Chris Wood: Right, right, right. Exactly.
Jason Kempf: 29 and a half. That's why we're on podcasts, so nobody knows.
Chris Wood: Don't go to the YouTube channel. You actually, Nope, nope. Be
able to see my bald head. This is
Jason Kempf: not gray here. All right. Well it's good to see you, man. That's
good to see you too, bud. Glad that we're doing this and we have the opportunity
just to, Run across so many leaders in our community who are mm-hmm.
Fighting for the highest good of people around them. Right. You know, whether
that's, you know, it's somebody that's on their team or in their family, or it's just
relationships they know. Right. And people are just serving and leading one
another just because. We love each other. Right? We want the best for one
another.
We the best for other people. Yep. You know, and it's so true. We've just had
some great interviews recently and that's just been so encouraging mm-hmm. To
hear leaders in our community who are, who are living this every day. Right, right.
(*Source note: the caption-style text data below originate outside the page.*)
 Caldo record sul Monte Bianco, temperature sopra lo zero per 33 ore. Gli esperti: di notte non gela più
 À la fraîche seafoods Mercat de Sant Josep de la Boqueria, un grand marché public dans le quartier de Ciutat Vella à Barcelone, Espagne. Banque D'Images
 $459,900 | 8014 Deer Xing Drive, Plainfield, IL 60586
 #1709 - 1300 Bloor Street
Chris Wood: And so it definitely, and I think it I don't know about you, but I
definitely.
It definitely feels good when other people are doing this and like [00:02:00] you
didn't know other people were doing it. Mm-hmm. And then you bump into
somebody, you're like, wow, this is, this is a real thing. Like this is, so you're, if
you're out there fighting for the highest good and struggling with the idea that,
you know, are you the only one out there doing this like, You're not right.
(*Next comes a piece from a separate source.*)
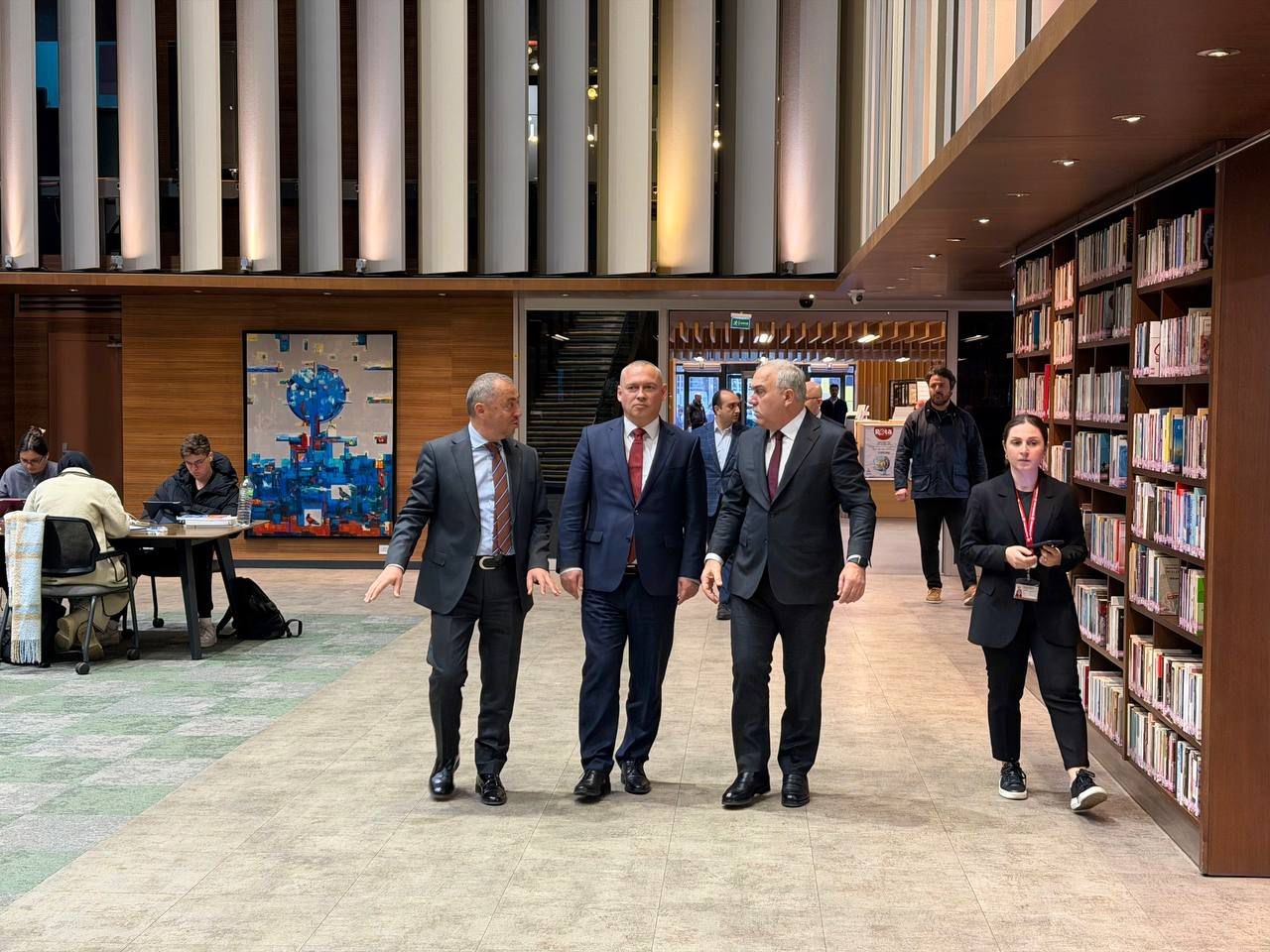 Başkonsoloslardan Fatih kütüphanelerine tam not
Başkonsoloslardan Fatih kütüphanelerine tam not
Just keep, keep plugging away cuz it's, it's not the easy way to do life, but man, it,
it just, there is moments where that just this, the insight that comes from doing it
is just invigorating,
Jason Kempf: right? I mean, you kind of think like, oh, living life alone, let's go
be a hermit in the mountains. Right? That would be easier now, I mean, there
might be some aspects that are easier, but you can do that for a time, I mean,
The fulfillment is in finding the golden in other people, right.
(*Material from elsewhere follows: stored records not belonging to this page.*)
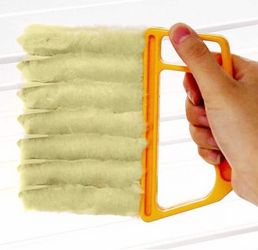 Brand New Handheld Venetian Blind Cleaning Brush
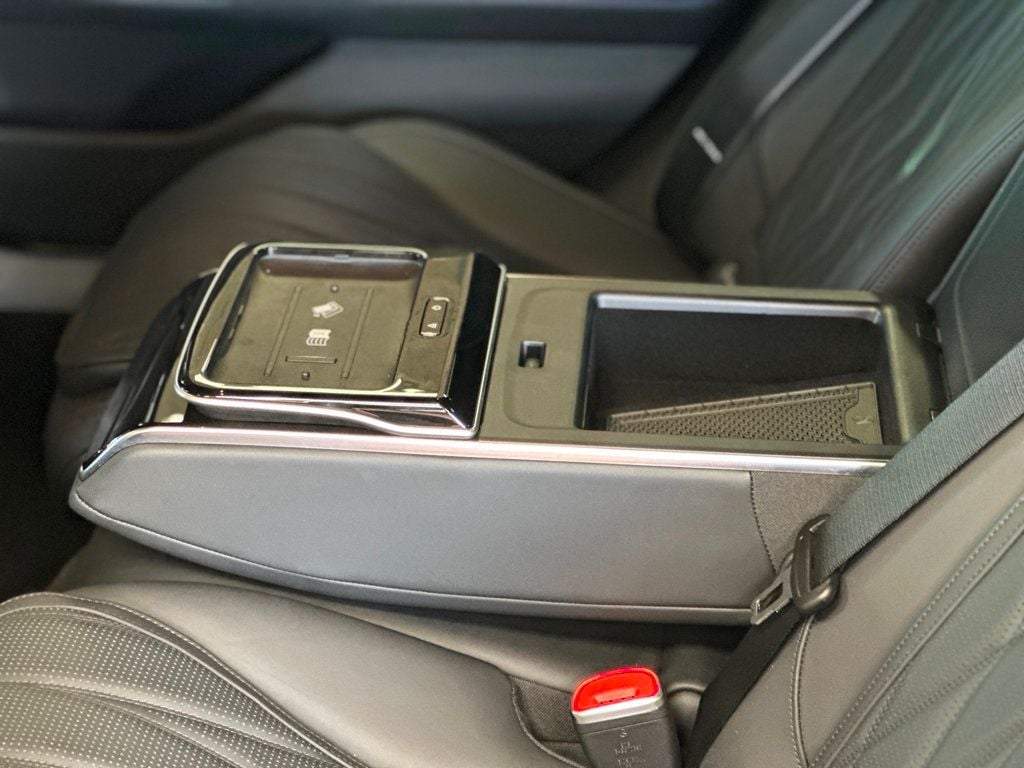 2024 Mercedes Benz S AMG 63 4MATIC photo 34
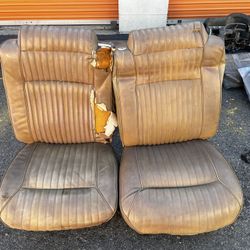 Olds Cutlass Salon Bucket seats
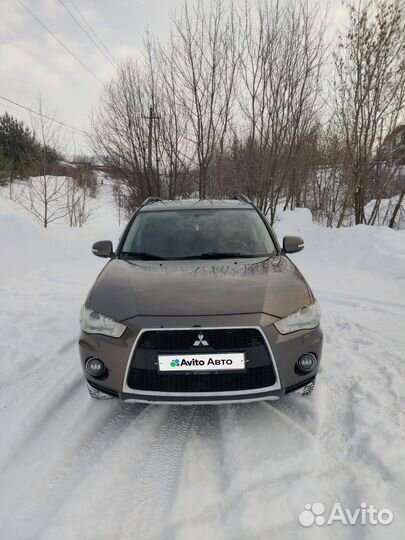 Mitsubishi Outlander 2.4 CVT, 2011, 301 000 км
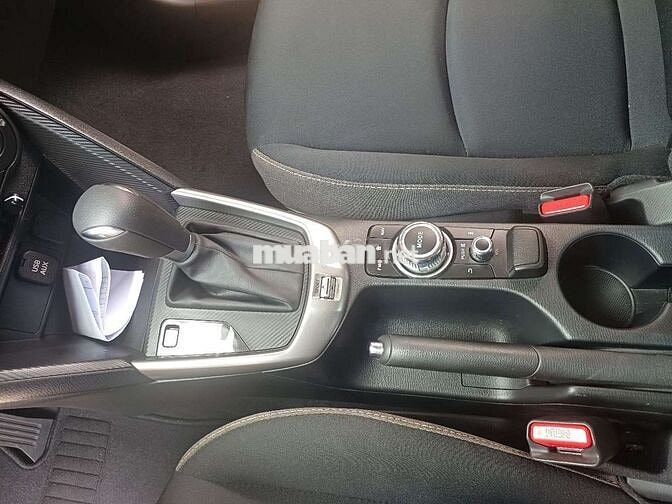 Mazda 2 2025 Trắng 2500 km Nỉ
Of serving them, wanting to see them succeed. Seeing them succeed and Right.
You know, not, not necessarily needing to get credit, but just going, yeah. That
was that. Right? I had a hand in that. Right. And that just, that fuels not even if
anybody knows. I [00:03:00] love it. Yep. Yeah. I love it. Absolutely. So you guys
jump over to leading and serving.com and you know, share this podcast, share
an episode to somebody, another leader that you think, Hey, you should hear this.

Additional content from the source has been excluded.